Volvió a reducir de marcha y rodeó un taxi que frenaba para girar a la derecha, después pegó un volantazo a la izquierda para evitar a un monovolumen que salía de un Burger King.
—Quizá deberíamos poner la sirena —sugirió Watson—. O puedo conducir yo, si quiere.
Porter se secó el ojo con la manga de la camisa.
—No, estoy bien. Voy a estar perfectamente. Supongo que debería haberte avisado antes de que te subieras al coche. Todo esto tendría que estar saliendo en una sesión de terapia, no con un novato del Laboratorio de Criminalística. No firmaste para esto.
—Tiene que hablar con alguien. Así es como nos recuperamos. Seguir reprimiéndolo no es sano. Crecerá en su interior como un cáncer si se lo guarda ahí dentro.
Porter se carcajeó.
—Ahora suenas como un loquero.

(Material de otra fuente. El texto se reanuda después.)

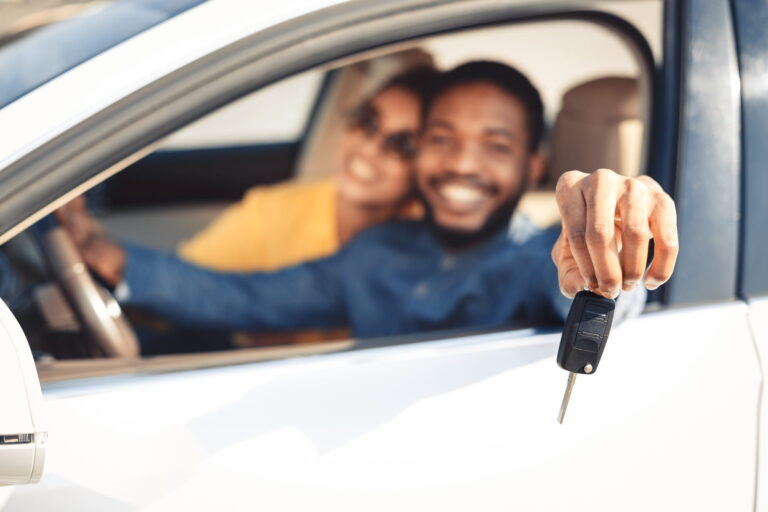 A young adult shows off the keys to their new car.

Ésa podría ser la perorata más larga que te he oído encadenar desde que nos conocemos.
—Es posible que Psicología sea uno de mis títulos universitarios —dijo Watson avergonzado.
—¿Lo dices en serio? Espera, ¿uno de tus títulos?
El chico asintió.
—Ahora mismo estoy trabajando en el tercero.
Porter cruzó volando un semáforo en ámbar y viró de forma brusca para esquivar un Volkswagen Escarabajo que se incorporaba al tráfico.
Watson tenía los nudillos blancos cuando Porter metió tercera en el Charger, giró a mano derecha desde el último carril a la izquierda y casi impactó contra un Buick rojo.
—Creo que debería conducir yo. El capitán quería que lo hiciese.
—Ya casi estamos.
—Ni siquiera estoy seguro de que esto sea lo mejor para usted.
—No ir no era una opción. Si es él, tengo que verlo.
Giraron por la avenida Cincuenta y patinaron hasta detenerse delante de la comisaría. Porter maniobró para meter el Charger en una plaza de minusválidos y dejó su acreditación de policía en el salpicadero. Metió la mano hacia la funda sobaquera, sacó la Beretta y la deslizó debajo del asiento. Se fijó en el reloj, en manos de Watson.
—¿Dónde has dicho que estaba la tienda de tu tío?
—Se llama Antigüedades y Colecciones El Tiempo Perdido, en Belmont Oeste.
—Deja que lo lleve yo —dijo Porter—. No quiero perder de vista una prueba.
Watson le entregó el reloj, y Porter se lo metió en el bolsillo.
—¿Está seguro de que esto es una buena idea? —preguntó Watson.
—Creo que es una idea horrible, pero tengo que ver a ese chaval.